Los Evangelios no indican si la Virgen María murió y fue elevada a los cielos en cuerpo y alma, pero señalan la unión perfecta con el destino redentor de Cristo.  Así sucede con el nacimiento de Jesús en Belén; en la vida ordinaria de María y José con su Hijo en Nazaret; en la Presentación del Niño en el templo; con el primer milagro en la boda de Caná de Galilea: ¡Haced lo que Él os diga!; y, de forma especial, en el Vía Crucis por las callejuelas de Jerusalén, camino al Calvario.

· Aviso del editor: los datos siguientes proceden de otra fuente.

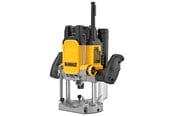 Motorhacke - Dewalt Router - DWE625-QS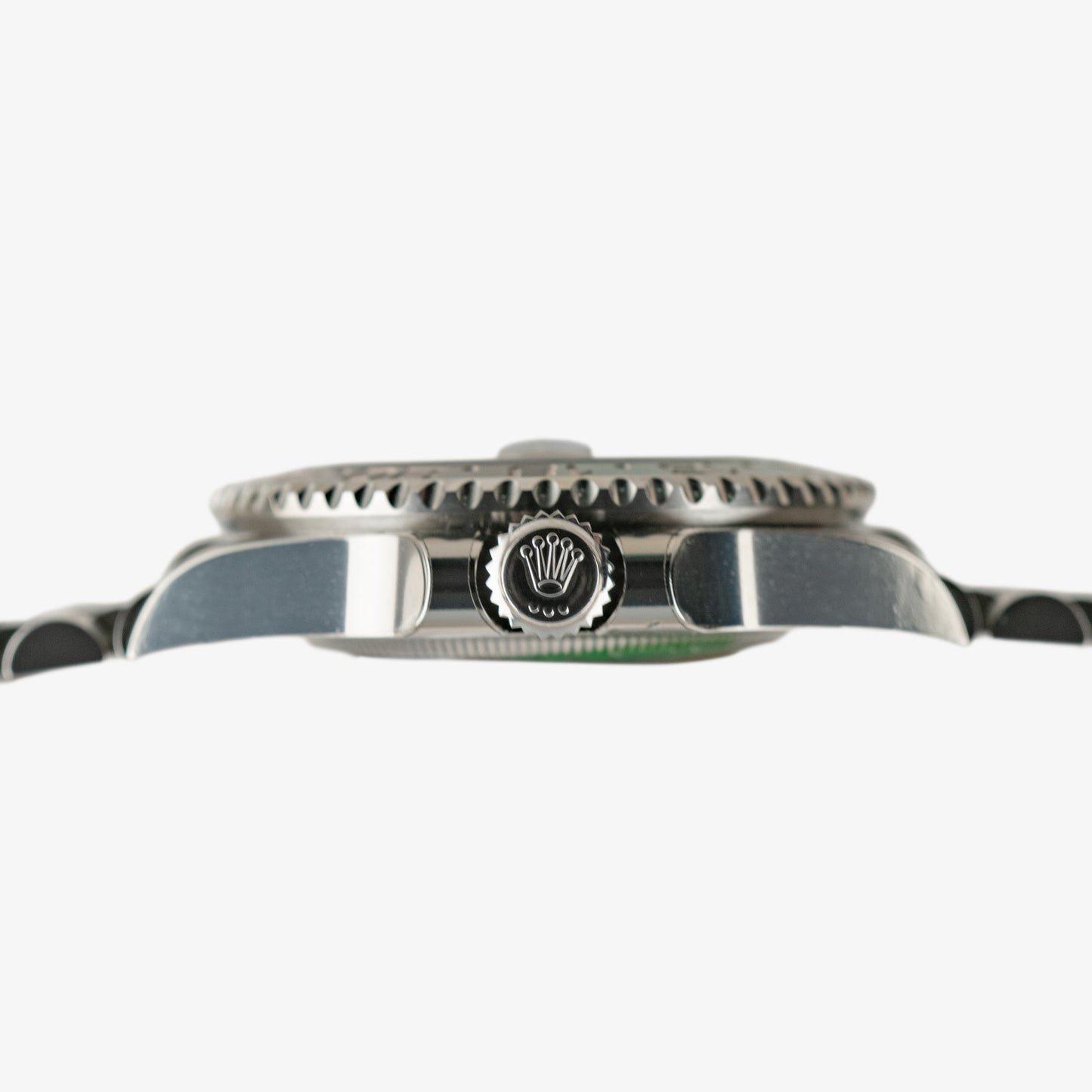 Rolex GMT-Master II 126720VTNR "Sprite" Jubilee 40mm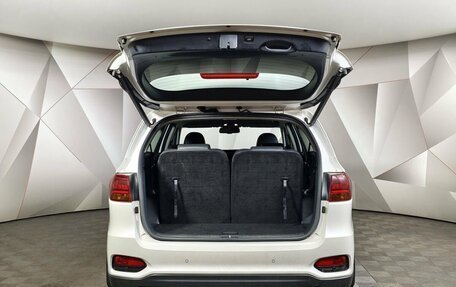 KIA Sorento III Prime рестайлинг, 2018 год, 2 463 000 рублей, 12 фотография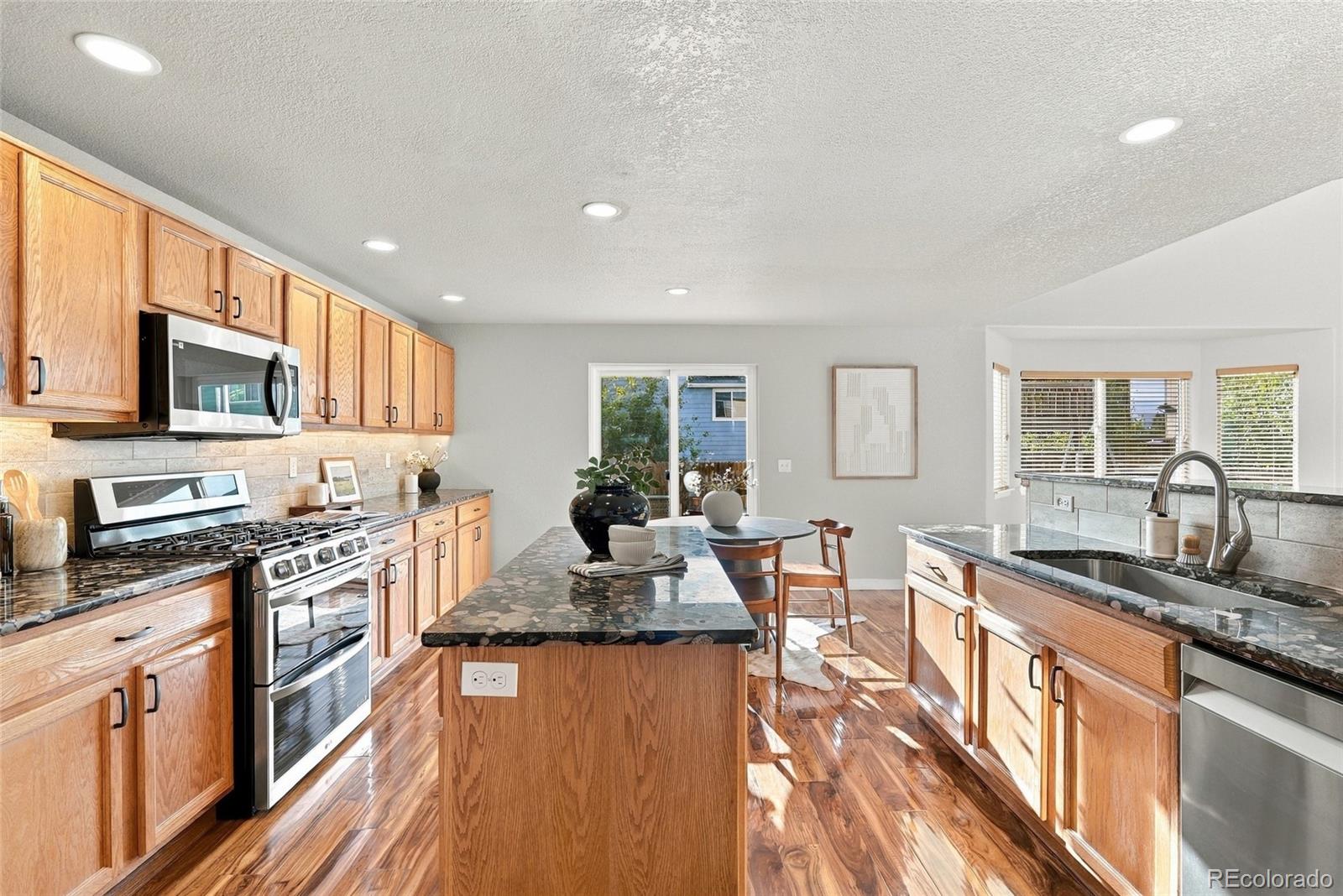 MLS Image #8 for 5944  chivalry drive,colorado springs, Colorado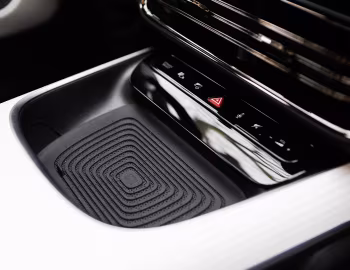 Interior Mercedes-Benz CLA 200 4MATIC AMG Line [Worldwide] (C178) '2025–pr.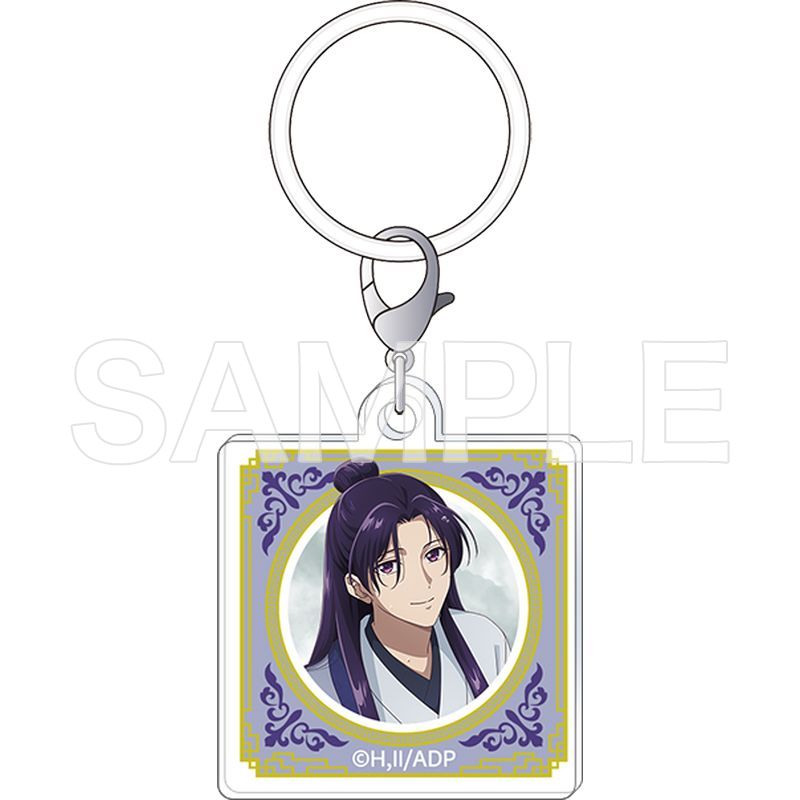 アンブレラマーカーコレクション【ヒーロー文庫STORE】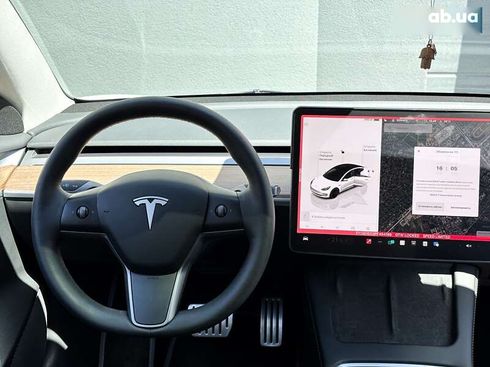 Tesla Model 3 2023 - фото 18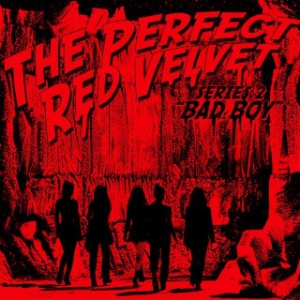 Bad Boy - Red Velvet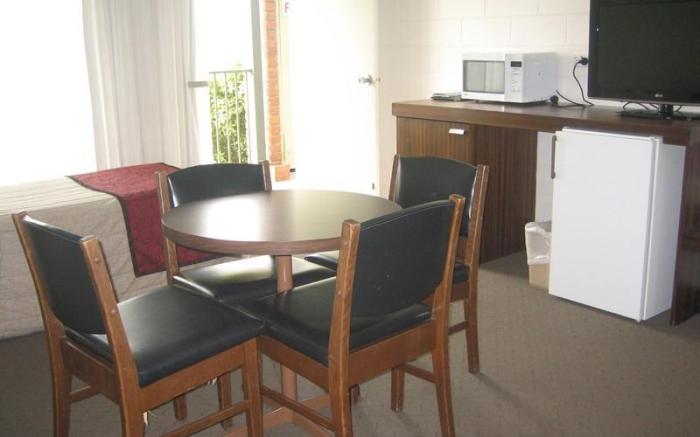Coal Valley Motor Inn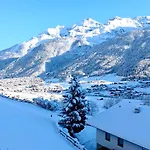 Διαμέρισμα Toni Neustift im Stubaital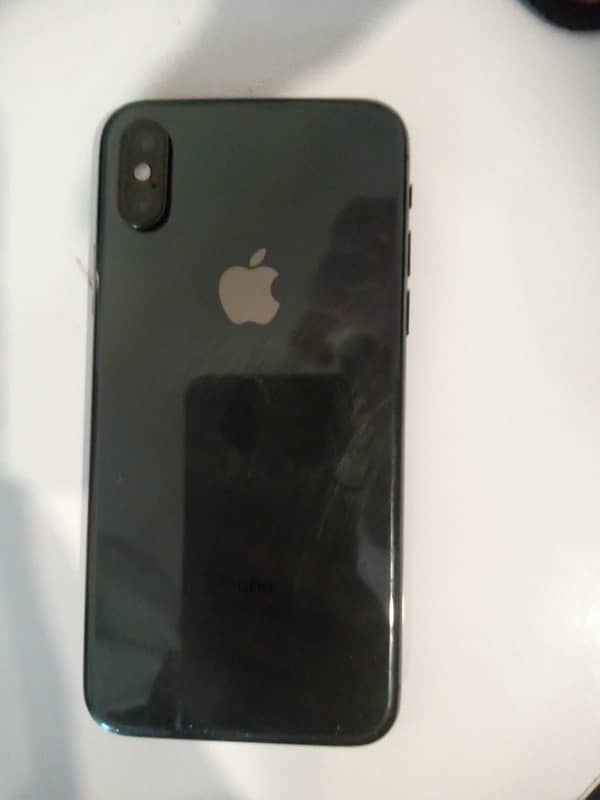 iphone Xs Non pta 1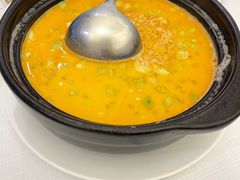 龙虾汤海鲜泡饭-北京厨房(西安SKP店)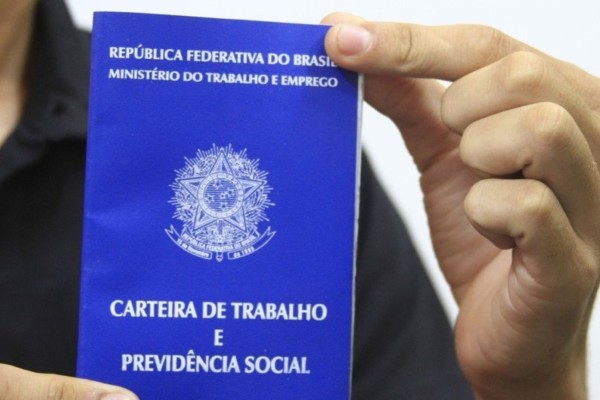 Encantado fecha outubro com a criação de 119 empregos formais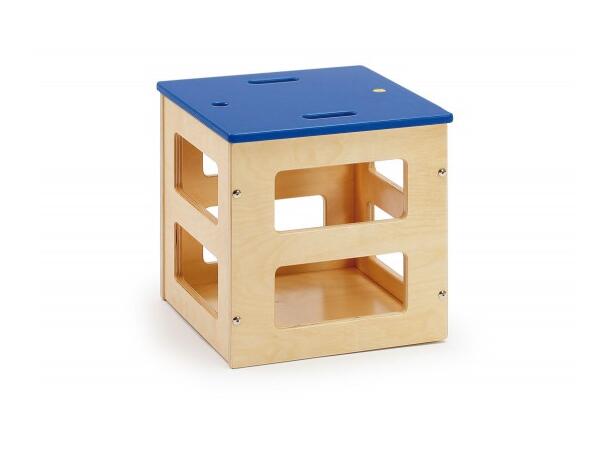 Sportboks S 41,5 x 41,5 x 41,5 cm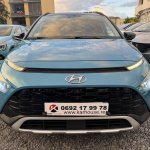 HYUNDAI BAYON 1.0 T-GDI 100 CV full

La asunción de la Santísima Virgen constituye una participación singular de la resurrección de su Hijo y una anticipación de la resurrección de los demás hombres. María fue elevada en cuerpo y alma a los cielos, por singular privilegio divino, a diferencia de los demás hombres, cuya resurrección tendrá lugar en el juicio final.

Si Jesucristo, por nuestra causa, fue crucificado, muerto y sepultado, y resucitó al tercer día, la Santísima Virgen tampoco debía eludir la muerte, pero ésta no entrañó la corrupción como al resto de la humanidad. Por eso, la Asunción de nuestra Madre se ha denominado también “Dormición”, “Traslado”, “Tránsito”, “Reposo”, señalando la peculiaridad de su muerte, rodeada de Juan y los demás apóstoles, cerca del Cenáculo; allí, en el Huerto de los Olivos, en Getsemaní, donde su Hijo (parte de su cuerpo y de su sangre) comenzó la redención de todos los hombres.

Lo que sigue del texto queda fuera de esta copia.